I am wanting to be able to put 10" x 17" rims on the back of my 2005 and am looking for a company in Texas that does this. Found one in Longview but don't know them. They're called East Texas Muscle Cars. Does anybody have any experience with them? What they do is called a mini tub. Also, will this adversly affect handling? My car is stock but I want to upgrade with headers, cam and tune to start and it already chirps the tires in 3rd so unless I can put wider tires on, what's the point?


----------



## jpalamar (Jul 22, 2008)

Tires alone can make a HUGE difference in traction. You might not actually need 'wider' but just sticky.

Personally, unless you plan on some hardcore racing, I would waste your money on tubing to put 10" wide wheels on this car. You can get the stock 17s modded to 9" wide and only need a small spacer/maybe fender rolling.

Keep in mind, the wider/sticky tires will also beat on your drivetrain more. You might drop the DS or an axle if you go to agressive without the supporting mods.


----------



## svede1212 (Nov 1, 2005)

"what's the point"? I'm quite a bit beyond that with intake, TB, FAST 102, cam, heads and more and my widened 17"s (9") give me great traction with 285s on the street and sticky DRs make the quarter mile doable.


----------



## johni53 (Feb 10, 2010)

svede1212 said:


> "what's the point"? I'm quite a bit beyond that with intake, TB, FAST 102, cam, heads and more and my widened 17"s (9") give me great traction with 285s on the street and sticky DRs make the quarter mile doable.


Ok, thanks, guys.
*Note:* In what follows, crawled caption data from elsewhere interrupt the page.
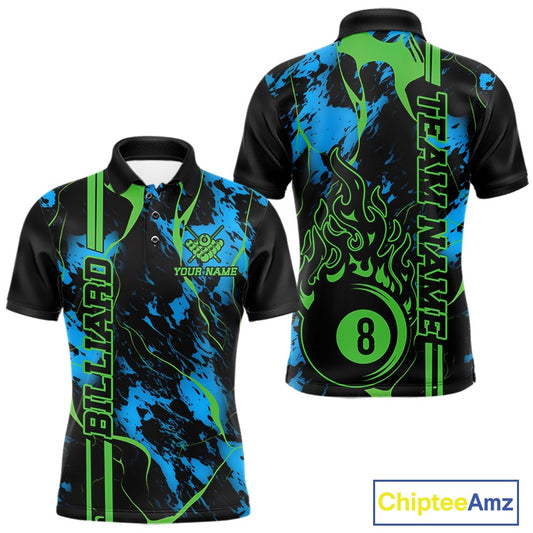 Front and back men’s Billiard polo shirt mockup featuring a flaming billiard 8 ball motif on a blue and green abstract background.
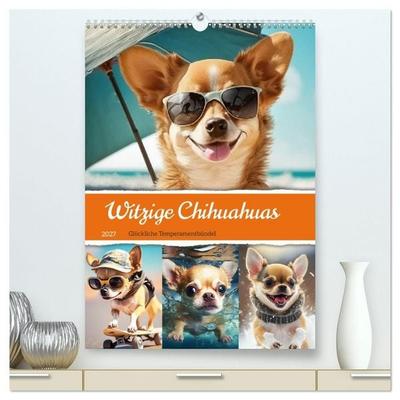 Witzige Chihuahuas. Glückliche Temperamentbündel (hochwertiger Premium Wandkalender 2027 DIN A2 hoch), Kunstdruck in Hochglanz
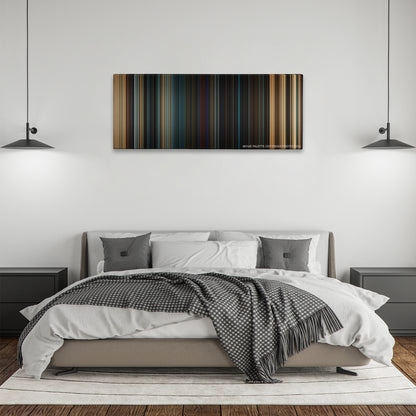 Fast & Furious color palette canvas above a bed, between two black pendant lamps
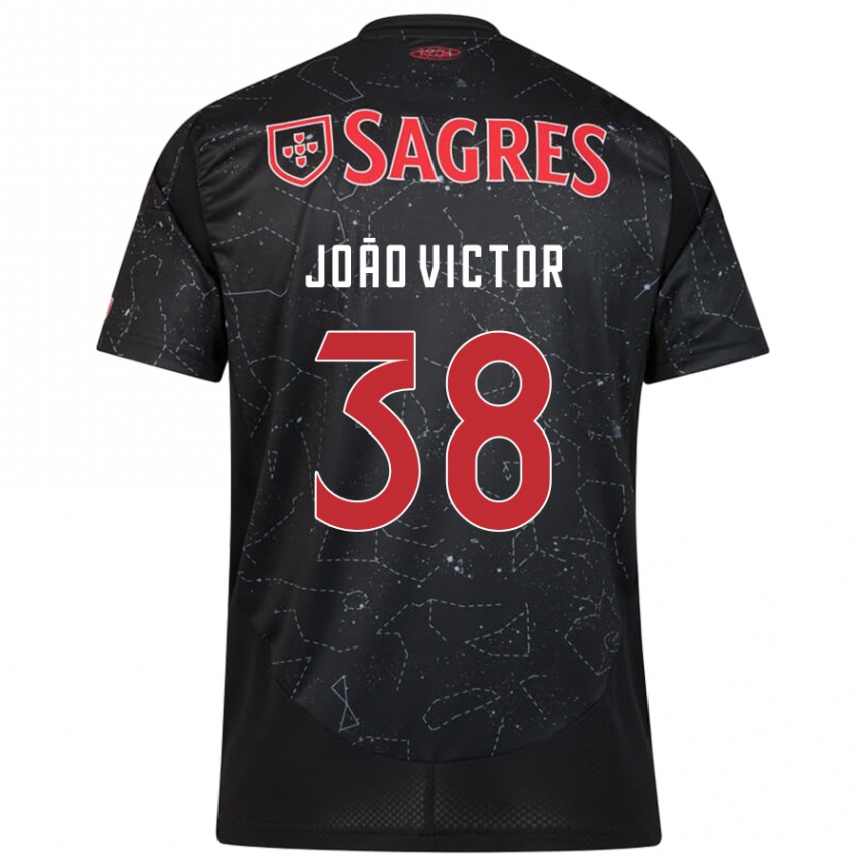 Mujer Fútbol Camiseta João Victor #38 Negro Rojo 2ª Equipación 2024/25 Perú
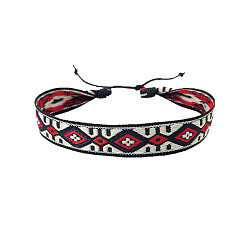 Bisque Bohemia Polyester Braided Flat Cord Bracelet, Adjustable Bracelet for Women, Bisque, 6-1/2~9-7/8 inch(16.5~25cm)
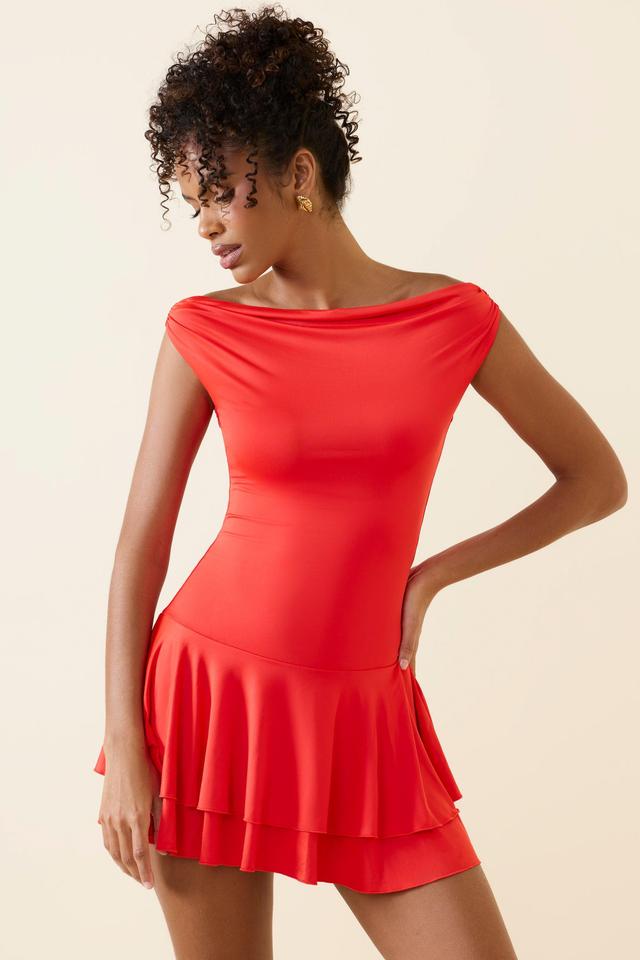 Off-Shoulder Ruffled Mini Dress in Scarlet Product Image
You saved me $1200. I'll widen my wheels an inch and put the 285s on. Would that be 40s or 35s on those 285s to keep the same ride height?


----------



## svede1212 (Nov 1, 2005)

40s. You want to be around 26". Stock is high 25.X"


----------



## C'VilleGTO (Sep 10, 2010)

I am installing some new suspension parts and wondering how much lower my car is from new/stock. I am stock at the moment but with 96k on her. I have looked for a while for the ride height of our cars when they are set up with 18" rims, does anyone have this measurement?


----------



## svede1212 (Nov 1, 2005)

Park on level ground. Measure from the center of the wheel hub to the fender arch. Stock it's roughly 360mm (14¼") front, 370mm (14½") rear.


----------



## C'VilleGTO (Sep 10, 2010)

Thanks, i am installing a strut rub kit this weekend. Next on the list will be springs & struts based on ride height.


----------